O documentário surgiu com o objetivo de suprir a falta de exemplos de mulheres empreendedoras. A jornada, iniciada em julho de 2016, levou as mulheres a países como Coreia do Sul, Japão, Canadá e México. Até agora, a maior parte da viagem foi financiada por recursos próprios: elas fizeram uma campanha de financiamento coletivo no valor de US$ 40 mil, mas só conseguiram US$ 3,5 mil.

Roteiro. As brasileiras selecionaram os países com base no Global Entrepreneurship Monitor (GEM), principal estudo sobre empreendedorismo no mundo. Elas incluíram países onde a criação de novos negócios é motivada pela sede por inovação, como os EUA, mas também locais em que é impulsionado pela necessidade, como na África. “Queríamos visitar lugares em que a mulher encontra uma situação social benéfica, mas também locais em que a condição das mulheres é muito mais degradante que a dos homens”, diz Taciana.

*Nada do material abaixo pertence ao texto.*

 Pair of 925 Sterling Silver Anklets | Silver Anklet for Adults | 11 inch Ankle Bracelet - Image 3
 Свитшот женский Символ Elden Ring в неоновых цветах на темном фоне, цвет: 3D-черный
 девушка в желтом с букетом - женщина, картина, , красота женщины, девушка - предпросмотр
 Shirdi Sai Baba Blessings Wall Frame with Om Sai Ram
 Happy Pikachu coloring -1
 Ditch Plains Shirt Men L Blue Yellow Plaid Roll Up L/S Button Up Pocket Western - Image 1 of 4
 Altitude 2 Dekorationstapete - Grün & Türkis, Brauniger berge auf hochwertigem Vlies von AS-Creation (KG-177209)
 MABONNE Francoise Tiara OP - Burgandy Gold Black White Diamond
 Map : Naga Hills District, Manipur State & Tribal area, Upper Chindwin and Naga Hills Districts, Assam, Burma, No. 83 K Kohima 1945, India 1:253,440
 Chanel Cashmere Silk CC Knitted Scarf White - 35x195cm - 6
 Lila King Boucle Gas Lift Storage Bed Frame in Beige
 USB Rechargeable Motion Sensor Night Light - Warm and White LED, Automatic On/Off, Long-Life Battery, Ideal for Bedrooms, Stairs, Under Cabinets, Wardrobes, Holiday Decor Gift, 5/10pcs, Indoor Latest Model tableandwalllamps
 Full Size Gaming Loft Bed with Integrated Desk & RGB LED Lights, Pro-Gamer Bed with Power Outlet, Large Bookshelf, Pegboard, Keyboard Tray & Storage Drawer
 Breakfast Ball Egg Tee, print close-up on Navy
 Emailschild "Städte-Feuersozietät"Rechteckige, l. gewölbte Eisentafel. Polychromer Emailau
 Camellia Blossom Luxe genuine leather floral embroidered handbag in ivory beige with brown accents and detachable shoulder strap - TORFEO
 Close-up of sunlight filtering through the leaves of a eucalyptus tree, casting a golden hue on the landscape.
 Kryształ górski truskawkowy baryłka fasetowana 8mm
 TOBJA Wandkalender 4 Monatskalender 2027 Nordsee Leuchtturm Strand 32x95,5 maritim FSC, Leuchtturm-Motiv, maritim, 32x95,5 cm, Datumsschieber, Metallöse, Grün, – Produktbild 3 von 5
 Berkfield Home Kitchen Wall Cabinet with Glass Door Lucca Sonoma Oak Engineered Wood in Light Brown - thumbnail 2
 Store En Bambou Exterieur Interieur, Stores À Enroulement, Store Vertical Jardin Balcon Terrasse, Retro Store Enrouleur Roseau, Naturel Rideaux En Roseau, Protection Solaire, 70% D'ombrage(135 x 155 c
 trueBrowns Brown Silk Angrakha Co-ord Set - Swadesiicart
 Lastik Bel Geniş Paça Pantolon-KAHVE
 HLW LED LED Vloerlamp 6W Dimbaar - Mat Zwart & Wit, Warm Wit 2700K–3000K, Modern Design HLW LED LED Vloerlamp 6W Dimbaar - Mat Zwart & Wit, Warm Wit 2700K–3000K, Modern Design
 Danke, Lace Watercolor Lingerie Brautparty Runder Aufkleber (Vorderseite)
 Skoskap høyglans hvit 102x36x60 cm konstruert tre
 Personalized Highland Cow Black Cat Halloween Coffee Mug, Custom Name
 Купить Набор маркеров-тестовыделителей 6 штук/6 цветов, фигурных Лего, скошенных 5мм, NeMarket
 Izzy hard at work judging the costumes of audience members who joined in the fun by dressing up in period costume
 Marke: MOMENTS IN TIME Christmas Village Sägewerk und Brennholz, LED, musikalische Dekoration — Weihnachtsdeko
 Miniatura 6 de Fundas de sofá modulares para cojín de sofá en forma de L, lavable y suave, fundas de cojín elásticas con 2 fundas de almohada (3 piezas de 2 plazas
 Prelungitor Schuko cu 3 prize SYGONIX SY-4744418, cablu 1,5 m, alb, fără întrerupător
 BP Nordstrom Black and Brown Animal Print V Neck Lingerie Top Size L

Em cada país, elas visitaram, em média, 15 empreendedoras. As entrevistas ajudaram Taciana e Fernanda a entenderem melhor o perfil das mulheres ao redor do mundo. No Japão, apesar do alto grau de desenvolvimento tecnológico e econômico, as mulheres ainda são oprimidas. “Há uma pressão social forte para que depois do casamento ou do nascimento do primeiro filho, a mulher saia do mercado de trabalho”, conta Fernanda.

A Austrália foi palco da melhor história que as brasileiras ouviram até agora. Solange Cunin, uma australiana de 23 anos, fundou a Cuberider, uma plataforma online para ensinar ciência, matemática e tecnologia para estudantes. Em parceria com o governo, a startup recolhe projetos de estudantes e manda para a Estação Espacial Internacional (ISS, na sigla em inglês), onde astronautas testam as pesquisas e enviam os resultados de volta para a Terra.

“Ela é jovem e uma visão muito clara de querer mudar o mundo e transformar a educação dos jovens do futuro”, afirma Fernanda.

Novo capítulo. Para a segunda fase de viagens, que inicia-se em abril, as brasileiras planejam visitar Chile e Cuba, além de outros países na Europa, Oriente Médio e África. “A gente quer saber o que as cubanas têm feito, como é que estão vendo a possibilidade de ter seu próprio negócio”, explica Taciana.